▶ _EXERCISE_
From the data below, return only the lines from the one with "Schumacher Stora Embroidery" through the one with "Camisa Casual de Tencell para Hombre Fukka", exact and inclusive, with pictures left out.

▶ _RECORDS SHOWN_
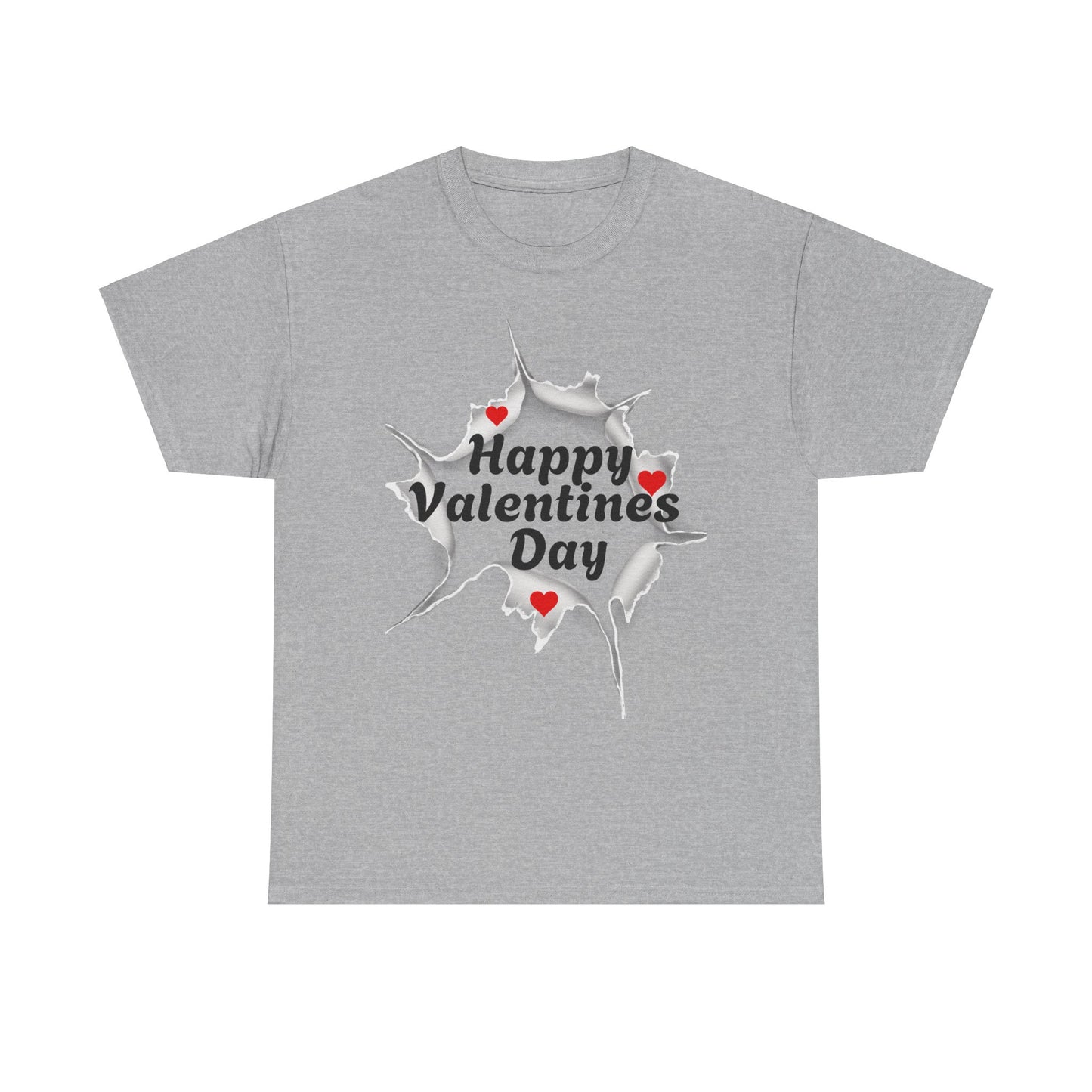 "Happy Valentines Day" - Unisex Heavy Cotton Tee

...

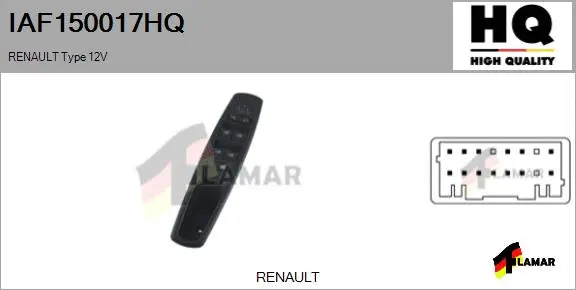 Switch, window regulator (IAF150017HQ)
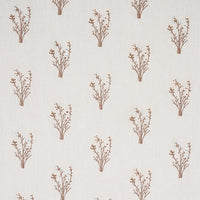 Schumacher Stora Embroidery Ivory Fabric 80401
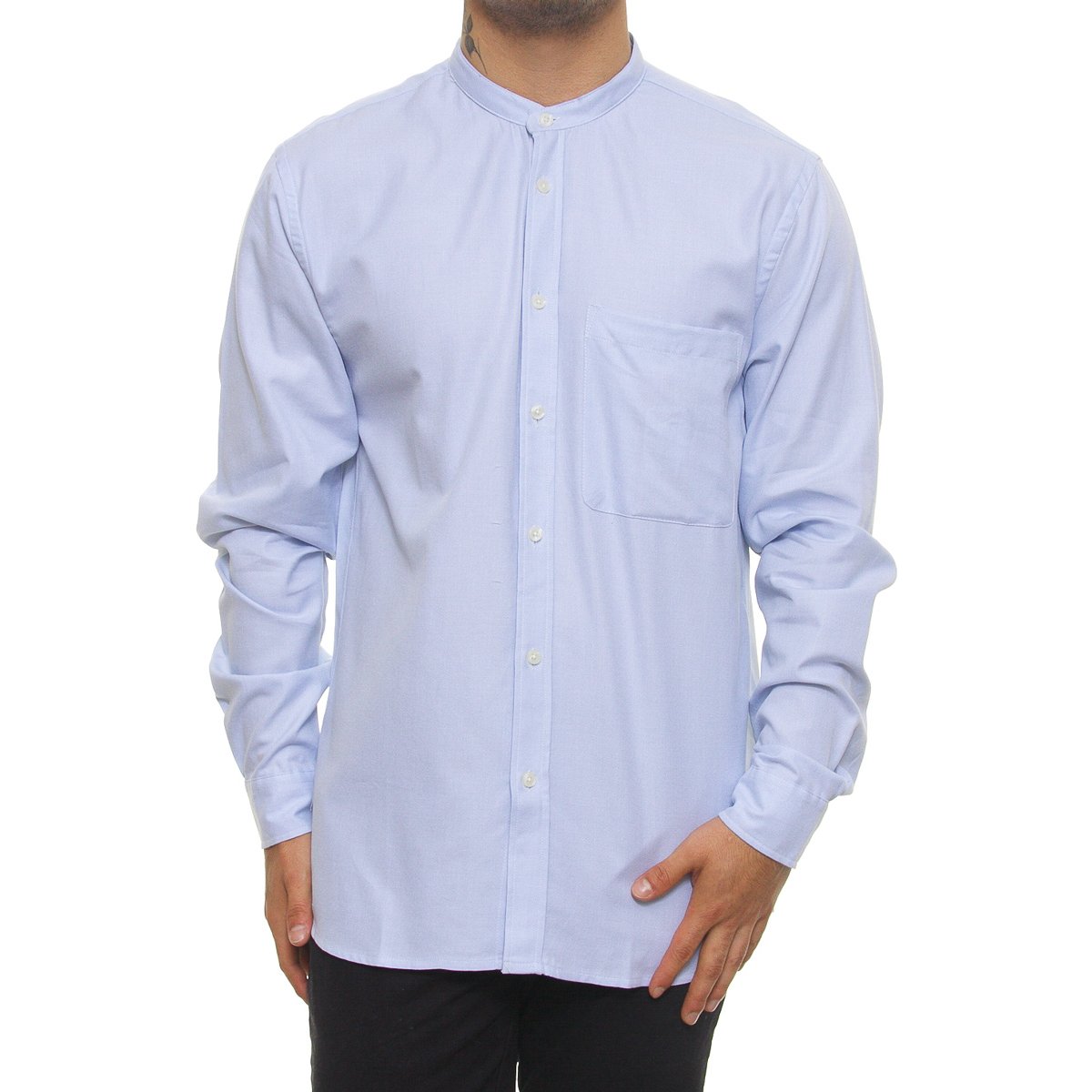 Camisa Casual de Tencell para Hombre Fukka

==

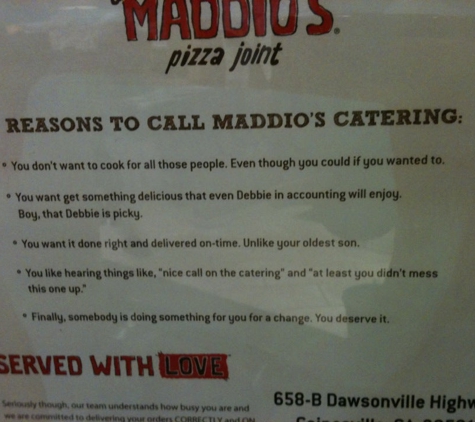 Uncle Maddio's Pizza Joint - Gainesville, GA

▶ _WRITTEN RESPONSE_
 Schumacher Stora Embroidery Ivory Fabric 80401
 Camisa Casual de Tencell para Hombre Fukka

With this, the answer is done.